Constructive dismissal claim

Mr Atkinson brought several claims against the Housing Association before an Employment Tribunal, including one of constructive dismissal. On this matter the ET ruled in favour of the Respondent holding that, as a matter of law, the claim of constructive dismissal must fail because the employee had himself been in fundamental breach of contract at the time of his resignation.

EAT ruling

The decision of the ET to strike out Mr Atkinson’s claim of constructive unfair dismissal was successfully appealed by Mr Atkinson before the Employment Appeal Tribunal. The EAT held that, as a matter of law, there is in fact no absolute bar against a claim of constructive dismissal where the employee himself was in fundamental breach of his employment contract at the time of dismissal.


The EAT suggested that the law in this area had been cleared up by the recent  decision of the Court of Session in the Scottish case of Aberdeen City Council v McNeill ([2014] IRLR 114). The Scottish court declared that “… the notion that the principle of mutuality of contract debars the appellant from founding on a claim of constructive dismissal on the basis of the respondents’ breach of their obligation of trust and confidence in the conduct of the investigation is erroneous… [T]he respondents’ duty of trust and confidence remained, notwithstanding the appellant’s breach of contract, and the appellant was entitled to found on the respondent’s breach of their duty as amounting to constructive dismissal…”

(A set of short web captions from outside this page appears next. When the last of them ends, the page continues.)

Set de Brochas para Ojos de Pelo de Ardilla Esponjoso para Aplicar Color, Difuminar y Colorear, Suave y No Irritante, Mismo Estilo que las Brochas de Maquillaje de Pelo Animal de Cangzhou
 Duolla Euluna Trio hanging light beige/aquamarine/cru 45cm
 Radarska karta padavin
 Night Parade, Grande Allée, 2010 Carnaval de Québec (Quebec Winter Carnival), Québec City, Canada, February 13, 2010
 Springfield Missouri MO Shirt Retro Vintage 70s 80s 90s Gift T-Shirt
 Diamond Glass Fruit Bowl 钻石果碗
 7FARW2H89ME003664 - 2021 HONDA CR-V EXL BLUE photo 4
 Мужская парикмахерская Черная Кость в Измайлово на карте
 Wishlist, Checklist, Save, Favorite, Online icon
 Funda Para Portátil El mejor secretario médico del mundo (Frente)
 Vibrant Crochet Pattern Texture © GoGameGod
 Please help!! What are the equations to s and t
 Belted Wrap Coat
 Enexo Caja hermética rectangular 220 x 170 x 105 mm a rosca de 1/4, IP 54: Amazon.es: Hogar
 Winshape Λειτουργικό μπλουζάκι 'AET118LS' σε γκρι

The EAT in Atkinson v Community Gateway Association declared that the principle laid out in McNeill – despite the fact that this was a Scottish case – did in fact reflect the correct principle in English law.


The principle laid out in Atkinson v Community Gateway Association is that, it is possible for a party to a contract of employment who is himself in repudiatory breach of said contract to accept a repudiatory breach by the other party, so long as his own breach has not yet been accepted by the other party.

In this case, the principle was applied to support an employee’s claim of constructive dismissal. The wording of the EAT’s judgment however suggests that the principle could equally apply where an employer, which itself has breached its obligation of trust and confidence, dismisses an employee who has subsequently committed a repudiatory breach.

The judgment in Atkinson v Community Gateway Association appears at first consideration to encourage outcomes which show an unfair bias in favour of the party whose initial breach went unaccepted. A court can however take into account a claimant’s original breach at the stage of awarding damages and an employee or employer who has himself breached his contractual obligations may find he only receives minimal compensation.